Hello!
I’m using Huggingface Transformers to create an NLP model. I’m having issues during the training of this model, where an error is thrown. The error is thrown during the validation stage of the first epoch.
Initially I had an issue with my metric function. After fixing it (I think), a new TypeError is thrown:
TypeError: 'float' object does not support item assignment
The traceback is contained in the dropdown below.
Traceback
---------------------------------------------------------------------------
TypeError Traceback (most recent call last)
/tmp/ipykernel_24/4032920361.py in <module>
----> 1 trainer.train()
/opt/conda/lib/python3.7/site-packages/transformers/trainer.py in train(self, resume_from_checkpoint, trial, ignore_keys_for_eval, **kwargs)
1411 resume_from_checkpoint=resume_from_checkpoint,
1412 trial=trial,
-> 1413 ignore_keys_for_eval=ignore_keys_for_eval,
1414 )
1415
/opt/conda/lib/python3.7/site-packages/transformers/trainer.py in _inner_training_loop(self, batch_size, args, resume_from_checkpoint, trial, ignore_keys_for_eval)
1741
1742 self.control = self.callback_handler.on_epoch_end(args, self.state, self.control)
-> 1743 self._maybe_log_save_evaluate(tr_loss, model, trial, epoch, ignore_keys_for_eval)
1744
1745 if DebugOption.TPU_METRICS_DEBUG in self.args.debug:
/opt/conda/lib/python3.7/site-packages/transformers/trainer.py in _maybe_log_save_evaluate(self, tr_loss, model, trial, epoch, ignore_keys_for_eval)
1910 metrics = None
1911 if self.control.should_evaluate:
-> 1912 metrics = self.evaluate(ignore_keys=ignore_keys_for_eval)
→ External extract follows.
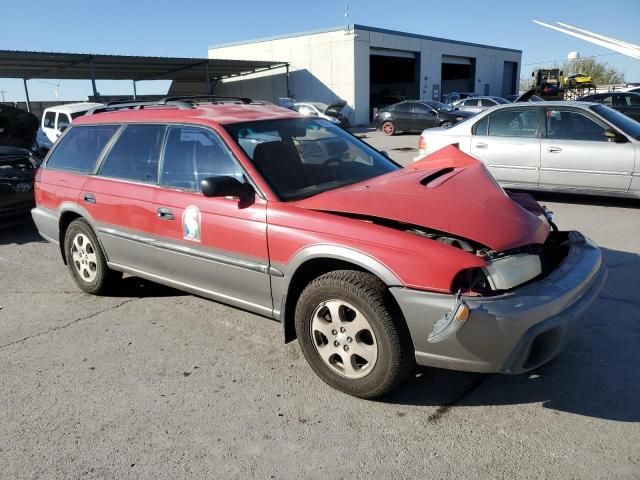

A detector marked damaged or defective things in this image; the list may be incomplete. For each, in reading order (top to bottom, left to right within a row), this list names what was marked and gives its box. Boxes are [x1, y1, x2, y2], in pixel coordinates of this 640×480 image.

1913 self._report_to_hp_search(trial, epoch, metrics)
1914
/opt/conda/lib/python3.7/site-packages/transformers/trainer.py in evaluate(self, eval_dataset, ignore_keys, metric_key_prefix)
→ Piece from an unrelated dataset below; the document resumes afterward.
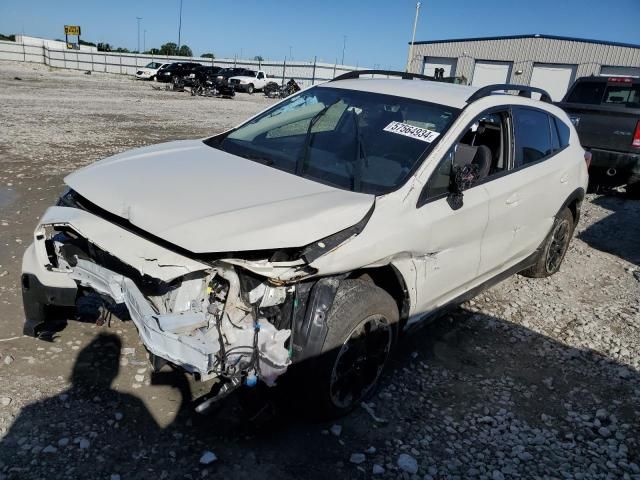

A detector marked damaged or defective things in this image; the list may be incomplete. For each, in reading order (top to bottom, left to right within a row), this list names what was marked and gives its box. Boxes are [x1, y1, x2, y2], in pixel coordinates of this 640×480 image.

crumpled hood [65, 141, 376, 253]
damaged front end [23, 201, 356, 404]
2626 prediction_loss_only=True if self.compute_metrics is None else None,
2627 ignore_keys=ignore_keys,
-> 2628 metric_key_prefix=metric_key_prefix,
2629 )
2630
/opt/conda/lib/python3.7/site-packages/transformers/trainer.py in evaluation_loop(self, dataloader, description, prediction_loss_only, ignore_keys, metric_key_prefix)
2909
2910 if all_losses is not None:
-> 2911 metrics[f"{metric_key_prefix}_loss"] = all_losses.mean().item()
2912
2913 # Prefix all keys with metric_key_prefix + '_'
TypeError: 'float' object does not support item assignment
I think the error is occuring after my accuracy is computed.
My metric function, which computes RMSE, is shown below.
def rmse(valid_pred):
preds = valid_pred.predictions
targs = valid_pred.label_ids
return torch.nn.functional.mse_loss(torch.from_numpy(preds), torch.from_numpy(targs)).sqrt()
valid_pred
is the data structure in which the evaluation predictions of my trainer are stored.
The metric function above returns a PyTorch tensor of dimension 0 (e.g., an example output was tensor(0.5261)
.
I would appreciate any input into figuring out why this error is being thrown! If you need to know any more information to do so, please do let me know.